| The problem |
Directions for the data below: repeat exactly the lines from the one with "Poster abstract colorful" through the one with "Saint Laurent Black White Fringe Hoodie", both included, and omit all pictures.

| Records for this task |
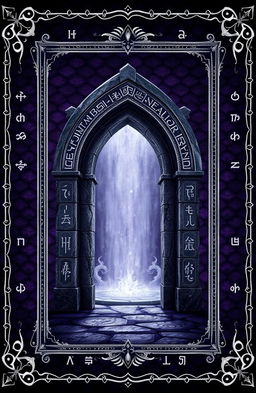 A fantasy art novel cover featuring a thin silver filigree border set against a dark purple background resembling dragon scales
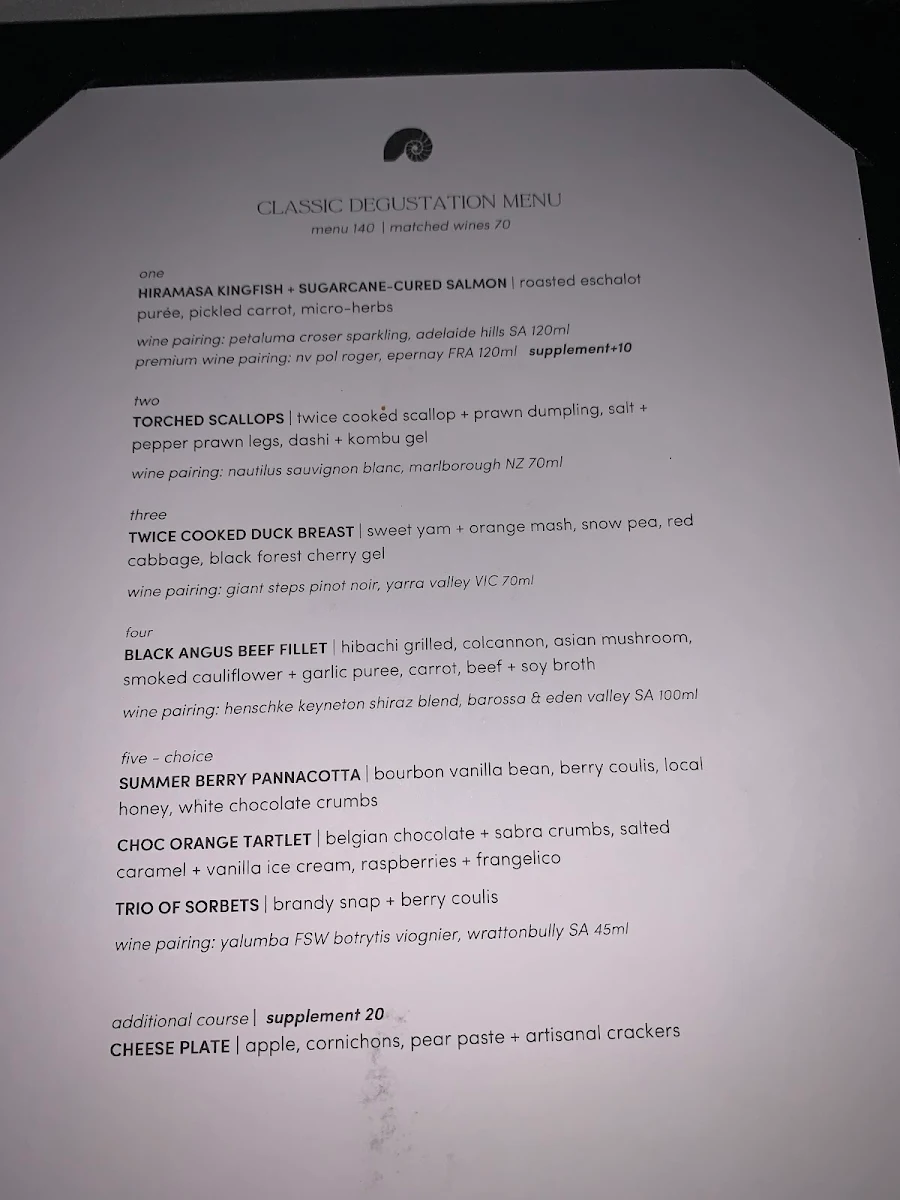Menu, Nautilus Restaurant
* * *
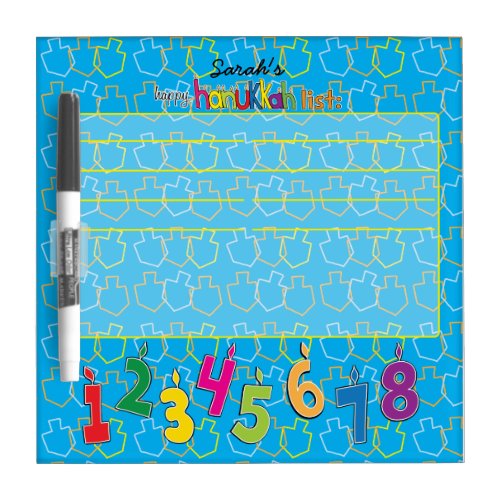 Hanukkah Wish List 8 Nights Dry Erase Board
...
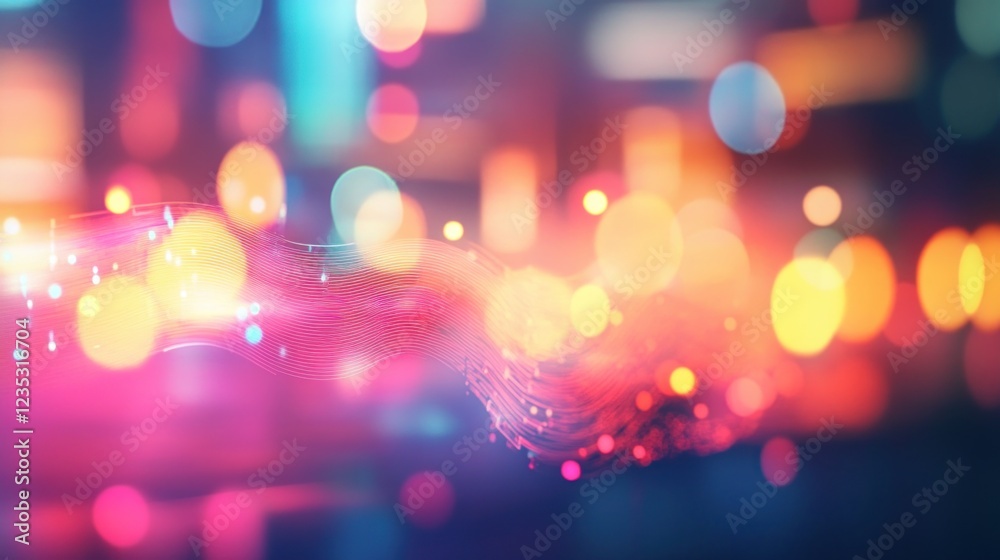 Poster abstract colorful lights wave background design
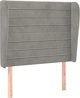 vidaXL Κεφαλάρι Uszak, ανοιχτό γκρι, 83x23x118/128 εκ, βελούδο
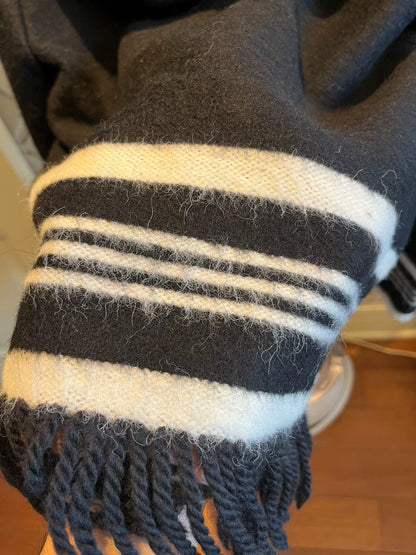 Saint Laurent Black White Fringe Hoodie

| Result below |
 Poster abstract colorful lights wave background design
 vidaXL Κεφαλάρι Uszak, ανοιχτό γκρι, 83x23x118/128 εκ, βελούδο
 Saint Laurent Black White Fringe Hoodie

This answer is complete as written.